Thursday, July 17, 2014

SCOTUS with an agenda

This from BillMoyers.com on the recent decisions of the U. S. Supreme Court:

"The latest session of the US Supreme Court was especially contentious, with important decisions on the separation of church and state, organized labor, campaign finance reform, birth control and women's health, among others, splitting the court along its 5-4 conservative-liberal divide. . . .

"This week I speak with Linda Greenhouse, a New York Times columnist, and Dahlia Lithwick, a senior editor at Slate, about the latest rulings from the Supreme Court, a beat they've both covered for years.

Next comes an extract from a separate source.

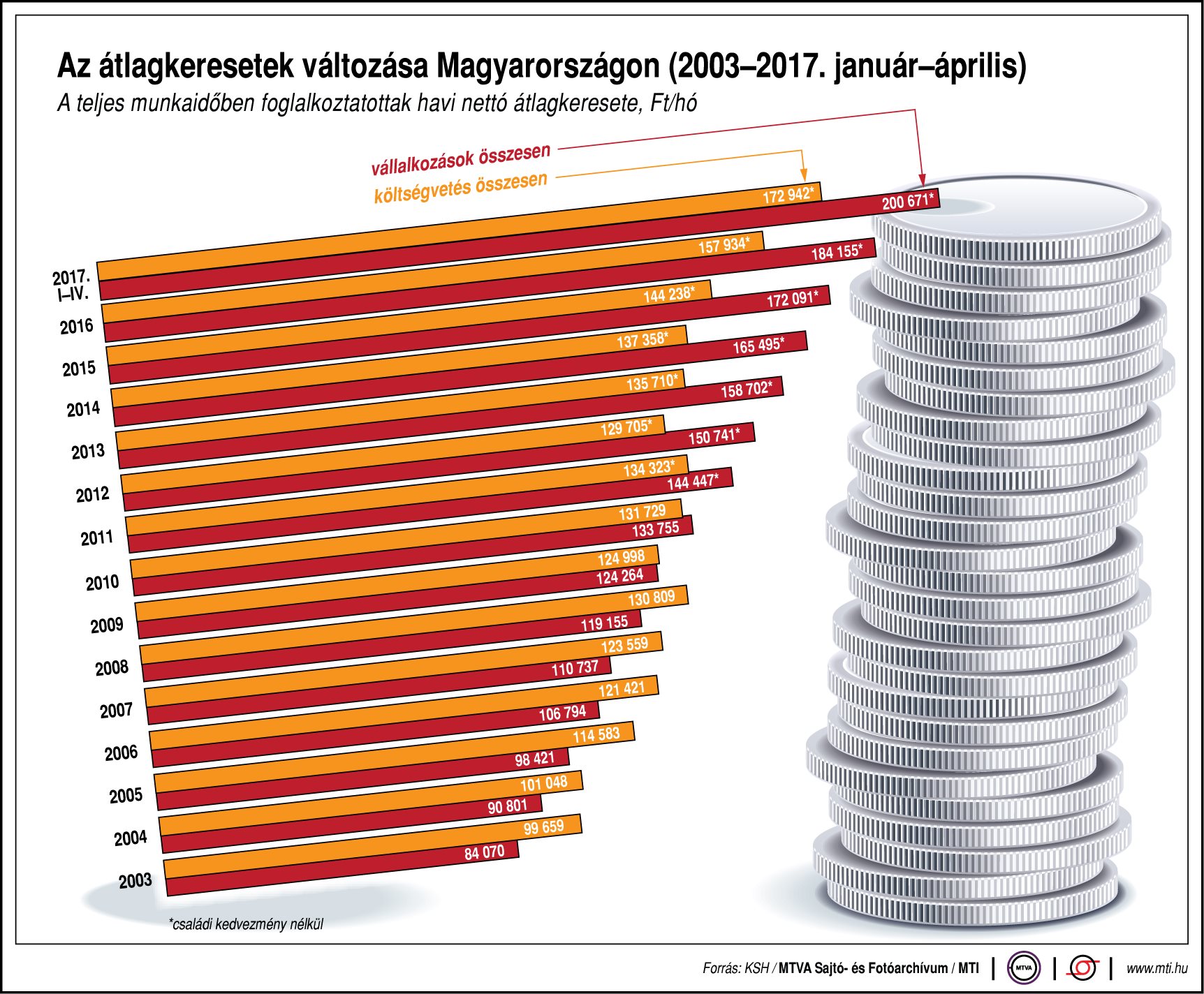 Hogyan változnak az átlagkeresetek?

"'You can't look at the Roberts court and say that they've done anything other than systematically unravel voting rights, women's rights, workers' rights [and] environmental progress,'  Lithwick tells me.

"Greenhouse adds: 'I think it's hard for anybody looking at this court objectively to come away not thinking that it's a court in pursuit of an agenda.'"
And I would add that it's not just the decisions that are undermining the respect for the court.   The conservatives' majority opinions often seem to be ignorant of, or at least to ignore, the important context and the obvious, expectible consequences -- as seen already in (1) the campaign finance glut;  (2) the gutting of the Voting Rights Act leading to all these voter suppression laws; and (3) removing the buffer zones at entrances to women's health centers that perform abortions.    These make the conservative majority members seem either clueless or willfully disingenuous.

Now I would agree that there are certain decisions about basic human and civil rights where consequences should not be the prime consideration, especially when there is a way for congress to address negative consequences.    But when common sense tells the ordinary citizen what consequences will ensue, while the majority opinion declares otherwise, it erodes respect and trust.

In my opinion, when it's Sam Alito, it makes him look inept, superficial, and sometimes just silly.   When it's Scalia or Thomas, it looks craven and malicious.   And Thomas?   He is very definitely calculating . . . with an agenda that is something beyond principle.